Several Fogerty compositions appeared on 'Creedence Clearwater Revival', but cover versions of Dale Hawkins' 'Suzie Q' and Screamin' Jay Hawkins' 'I Put a Spell on You' were the group's first hits. With the release of 'Bayou Country', Creedence became the most popular rock band in America. Beginning with the two-sided gold hit 'Proud Mary' and 'Born on the Bayou', Creedence dominated Top Forty radio for two years without disappointing the anticommercial element of the rock audience.

CCR's rough-hewn rockers often dealt with political and cultural issues, and the quartet appeared at the Woodstock Festival. Creedence had seven major hit singles in 1969 and 1970, including 'Bad Moon Rising' (Number Two, 1969), 'Green River' (Number Two, 1969), 'Fortunate Son' (Number 14, 1969), 'Down on the Corner' (Number Three, 1969), 'Travelin' Band' (Number Two, 1970), 'Up Around the Bend' (Number Four, 1970) and 'Lookin' Out My Back Door' (Number Two, 1970).

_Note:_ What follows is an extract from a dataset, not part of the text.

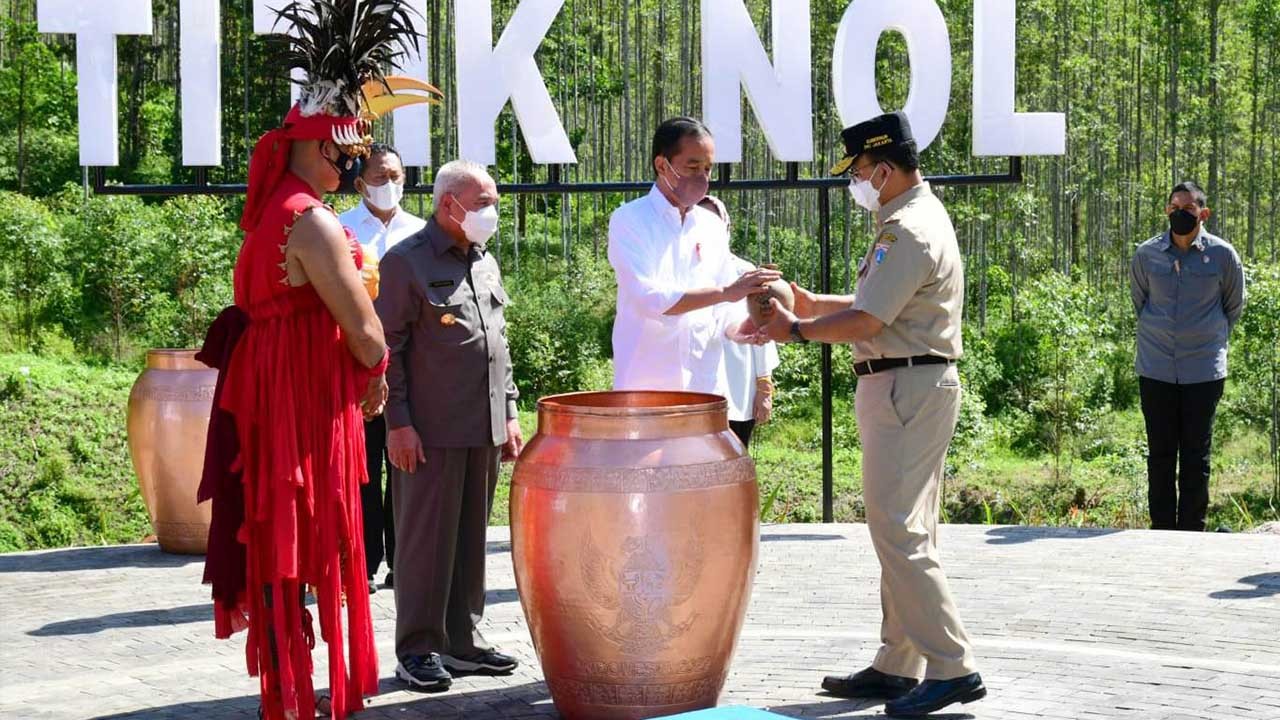 Presiden Joko Widodo Satukan Tanah dan Air Nusantara di Titik Nol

Although Creedence's success continued after 'Cosmo's Factory', it was the group's artistic peak. Internal dissension, primarily the result of John Fogerty's dominant role, began to pull the band apart in the early '70s. Tom left in January 1971, one month after the release of the pivotal 'Pendulum' which became the group's fifth platinum album. Creedence carried on as a trio, touring worldwide; 'Live in Europe' was the recorded result. CCR's final album, 'Mardi Gras', gave Cook and Clifford an equal share of the songwriting and lead vocals. It was the band's first album not to go platinum. Creedence disbanded in October 1972, and Fantasy has subsequently released a number of albums, including a live recording of a 1970 Oakland concert, which upon original release was erroneously titled Live at Albert Hall (it was later retitled The Concert).